The first use of barcodes was to label railroad cars, but they were not commercially successful until they were used to automate supermarket checkout systems, a task in which they have become almost universal. Their use has spread to many other roles as well, tasks that are generically referred to as Auto ID Data Capture (AIDC). Systems such as RFID are attempting to make inroads in the AIDC market, but the simplicity, universality and low cost of barcodes has limited the role of these other systems. It costs about US$0.005 to implement a barcode compared to passive RFID which still costs about US$0.07 to US$0.30 per tag.
Barcodes can be read by optical scanners called barcode readers, or scanned from an image by special software. In Japan, most mobile phones have built-in scanning software for 2D codes, and similar software is becoming available on smartphone platforms.
History
In 1932 Wallace Flint started a project at the Harvard University Graduate School of Business Administration to better automate customer purchasing. As punch cards were prevalent at the time, the system they envisioned used a catalog of items with corresponding punch cards for each one. The customer would hand the cards to a clerk who would load them into a reader. The item would then be found and retrieved from a fully automated warehouse.Tony Seideman, "Barcodes Sweep the World", Wonders of Modern Technology An itemized bill was automatically produced. In spite of its promise, punch card systems were expensive and the country was in the midst of the Great Depression. The project never went anywhere, but Flint's efforts would later prove decisive.

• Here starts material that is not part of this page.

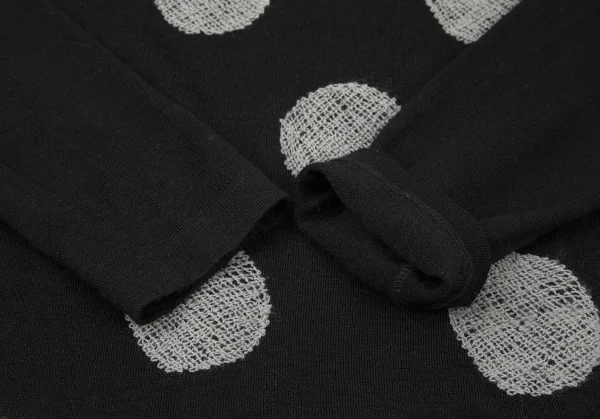 ワイズY's ドット刺繍ニットソー 黒グレー2 K-99873_008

Silver, Woodland and Johanson
In 1948 Bernard Silver, a graduate student at Drexel Institute of Technology in Philadelphia, overheard the president of a local food chain asking one of the deans to research a system to automatically read product information during checkout. Silver told his friends Norman Joseph Woodland and Jordin Johanson about the request, and the three started working on a variety of systems. Their first working system used ultraviolet ink, but this proved to fade and was fairly expensive.
Convinced that the system was workable with further development, Woodland quit his position at Drexel, moved into his father's apartment in Florida, and continued working on the system. His next inspiration came from Morse code, and he formed his first barcode when "I just extended the dots and dashes downwards and made narrow lines and wide lines out of them." To read them, he adapted technology from optical soundtracks in movies, using a 500-watt light bulb shining through the paper onto an RCA935 photomultiplier tube (from a movie projector) on the far side. He later decided that the system would work better if it were printed as a circle instead of a line, allowing it to be scanned in any direction.